* **Work request**
Find "2015 CHRYSLER 300 LIMITED" in the material, then return exactly the line containing it and all lines after it to the end, leaving out pictures.

* **Given entries**
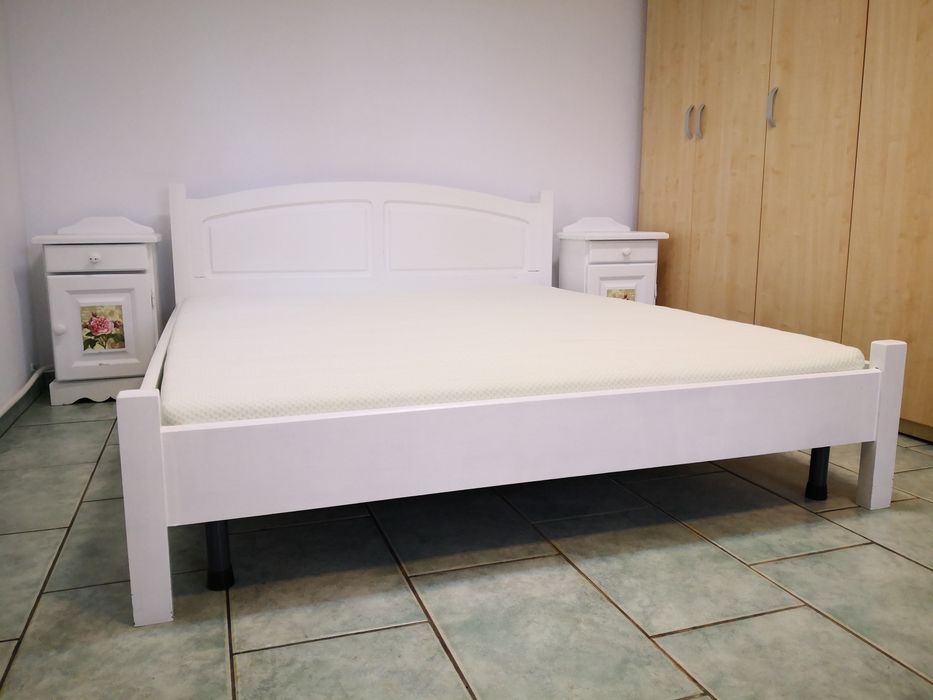 Mobilă dormitor în stare foarte bună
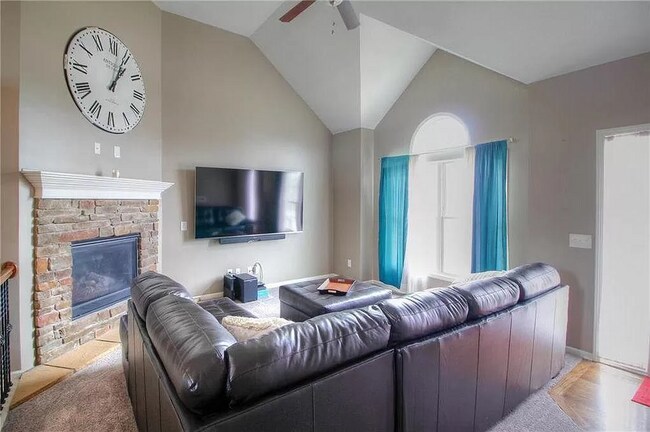 11156 N Madison Ave in Kansas City, MO - Building Photo - Building Photo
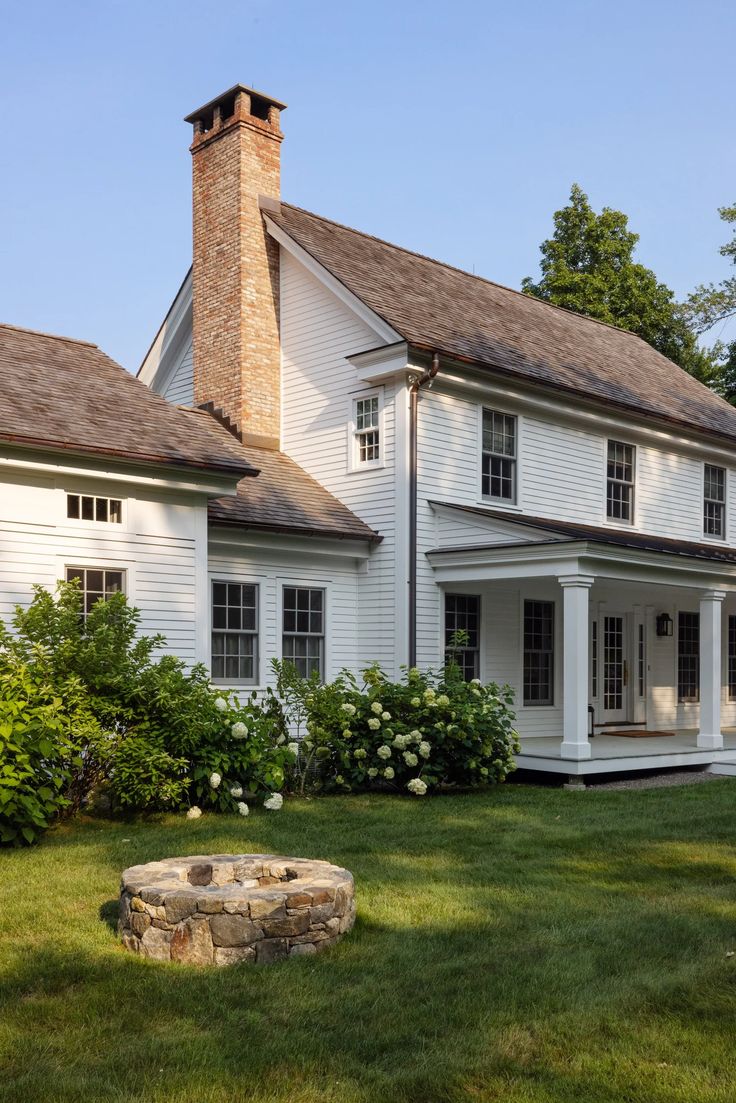 White Arrow — Bedford Residence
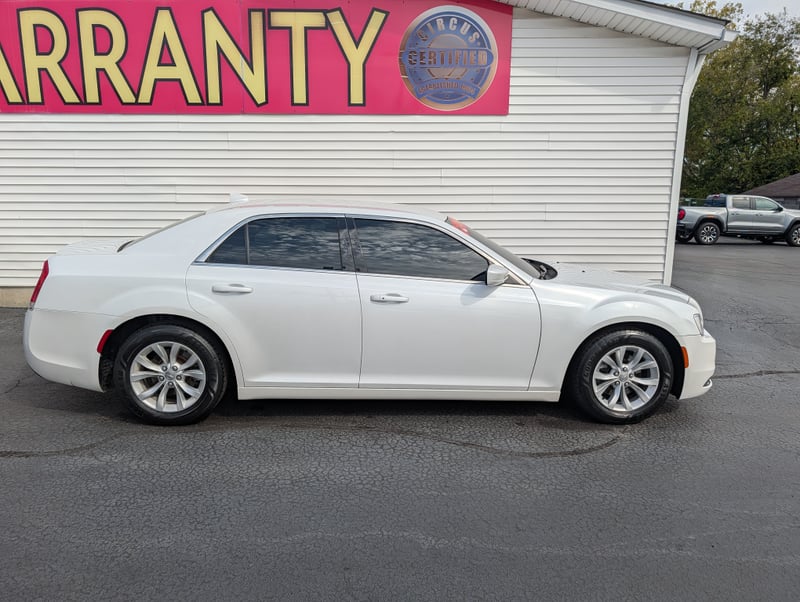 2015 CHRYSLER 300 LIMITED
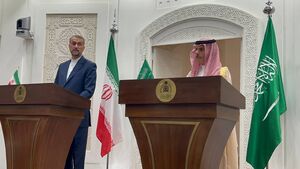 نشست خبری مشترک وزرای خارجه ایران و عربستان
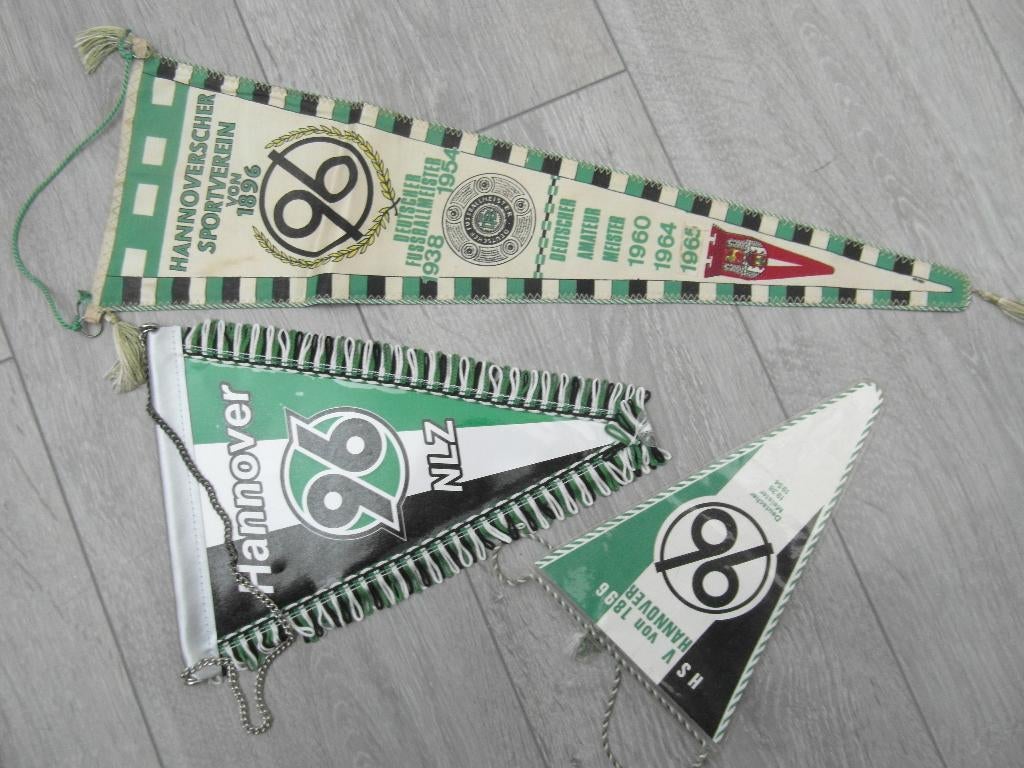 4x vaantjes wimpel hannover 96 hannoversche sportverein, Ophalen of Verzenden, Zo goed als nieuw, Buitenlandse clubs, Vaantje of Sjaal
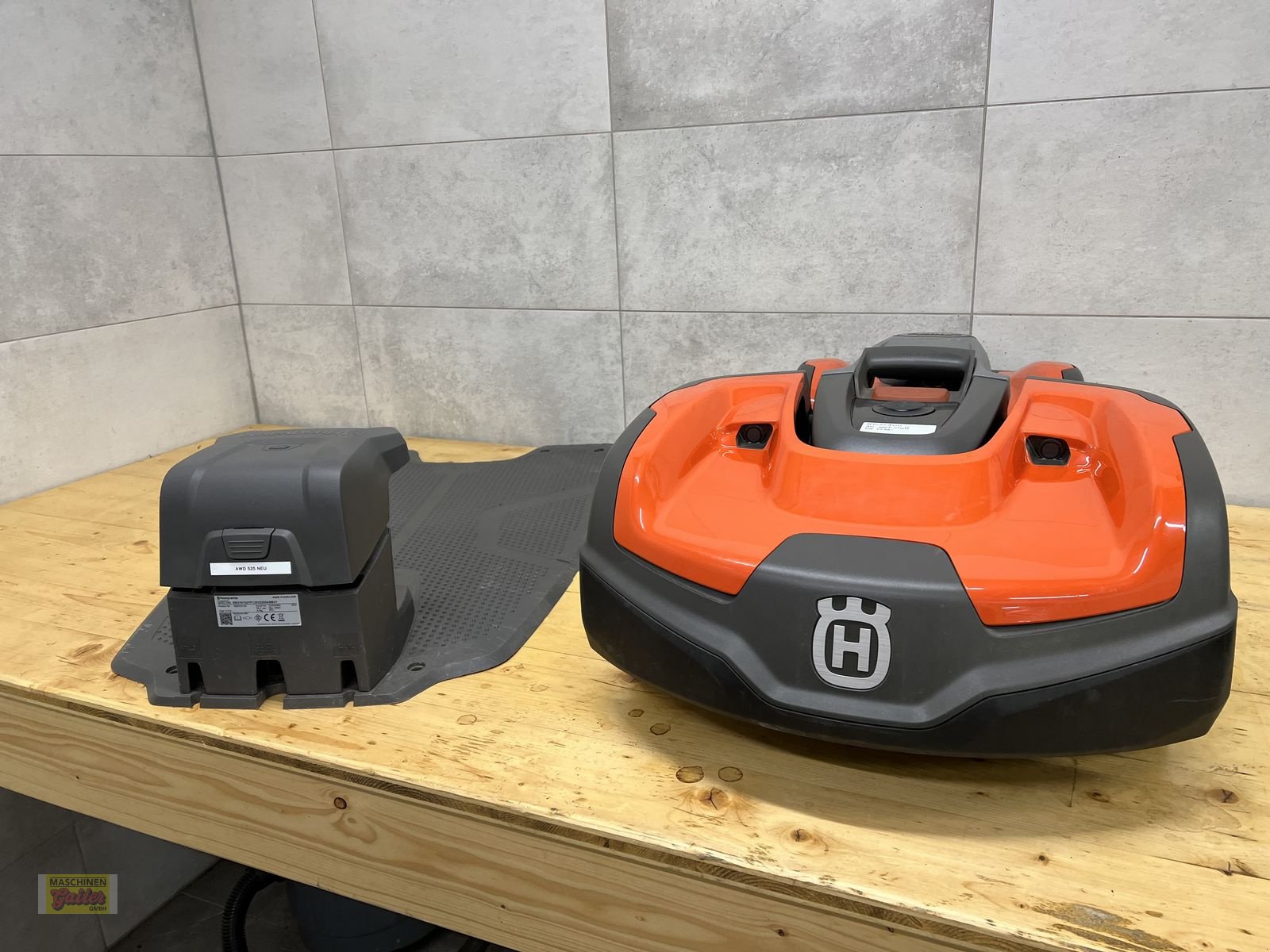 Mähroboter des Typs Husqvarna Automower 535 AWD, Neumaschine in Kötschach (Bild 7)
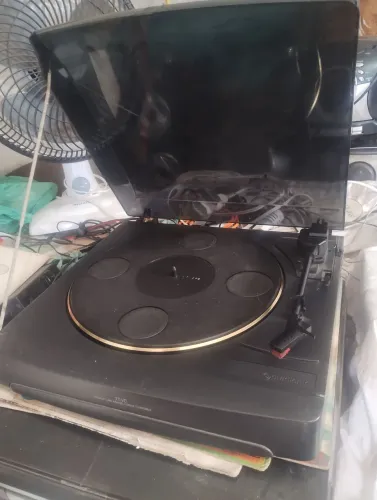 Vendo Pik UP Toca disco Gradiente, com agulha Nova funcionando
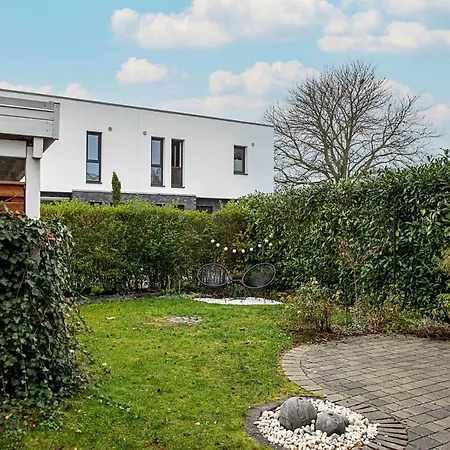 Apartment 130qm Haus Mit 3 Schlafzimmern, Sauna, Parkplatz Luneburg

* **Reply to the task**
 2015 CHRYSLER 300 LIMITED
 نشست خبری مشترک وزرای خارجه ایران و عربستان
 4x vaantjes wimpel hannover 96 hannoversche sportverein, Ophalen of Verzenden, Zo goed als nieuw, Buitenlandse clubs, Vaantje of Sjaal
 Mähroboter des Typs Husqvarna Automower 535 AWD, Neumaschine in Kötschach (Bild 7)
 Vendo Pik UP Toca disco Gradiente, com agulha Nova funcionando
 Apartment 130qm Haus Mit 3 Schlafzimmern, Sauna, Parkplatz Luneburg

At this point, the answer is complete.